### WORK TO COMPLETE
Without the pictures, return each record as it appears.

(Records from a data collection)
- Opening Delimiter -

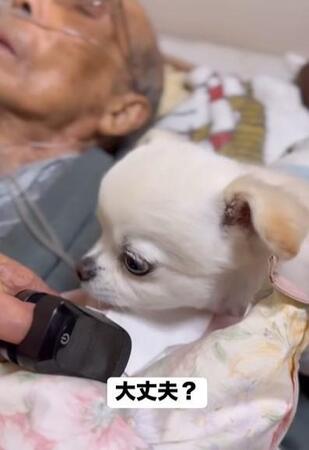 95歳のおじいちゃん、在宅介護に寄り添う犬さん　「見守り隊長」「何かあったら僕がすぐに助けるよ」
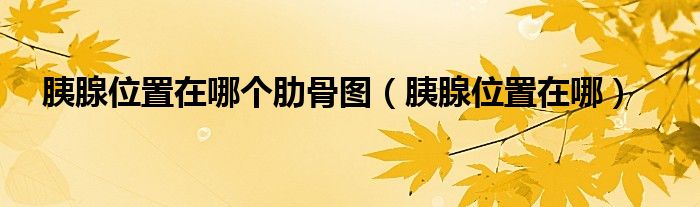 胰腺位置在哪個(gè)肋骨圖（胰腺位置在哪）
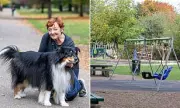 Fury as UK Councils Slap 'Dog ASBOs' on Owners: New Restrictions Spark Canine Controversy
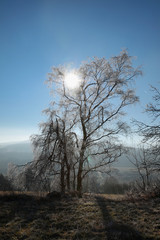 Cold morning in Sumava National park, hills and villages in the fog and rime, misty view on czech landscape, blue winter scene,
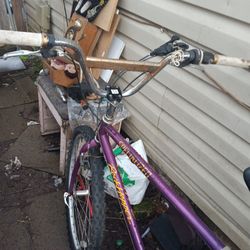 Especialized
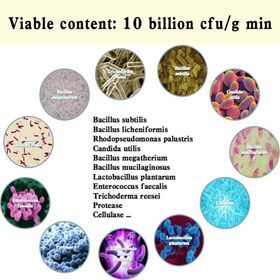 Biological organic fertilizer from Bio in China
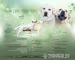 Labrador retriver s PP (smetanová) - Prodej
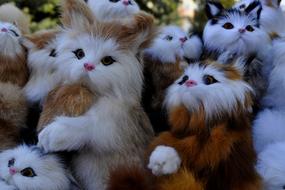 Mammals Charming Animals
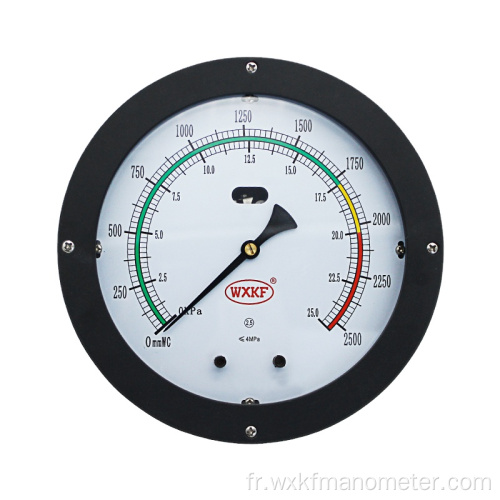 150 mm 6 &quot;Gauge de niveau de pression différentielle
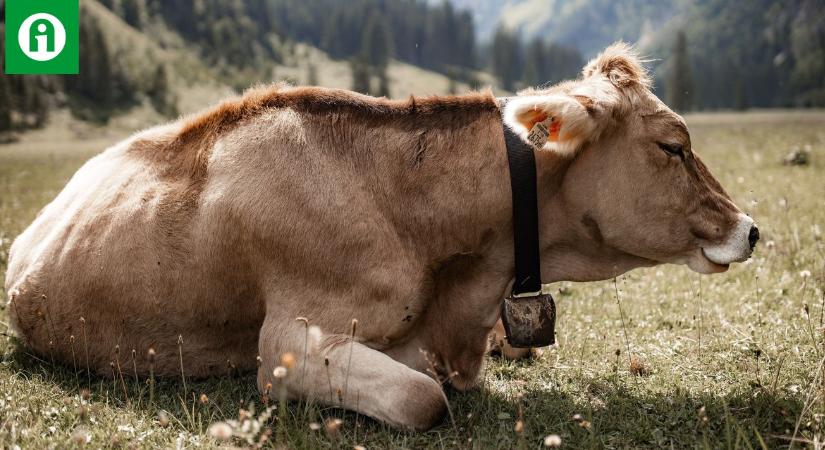 Van, ami még a marhákat is übereli gázkibocsátásban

- Closing Delimiter -

### ANSWER TO THIS TASK
 95歳のおじいちゃん、在宅介護に寄り添う犬さん　「見守り隊長」「何かあったら僕がすぐに助けるよ」
 胰腺位置在哪個(gè)肋骨圖（胰腺位置在哪）
 Fury as UK Councils Slap 'Dog ASBOs' on Owners: New Restrictions Spark Canine Controversy
 Cold morning in Sumava National park, hills and villages in the fog and rime, misty view on czech landscape, blue winter scene,
 Especialized
 Biological organic fertilizer from Bio in China
 Labrador retriver s PP (smetanová) - Prodej
 Mammals Charming Animals
 150 mm 6 &quot;Gauge de niveau de pression différentielle
 Van, ami még a marhákat is übereli gázkibocsátásban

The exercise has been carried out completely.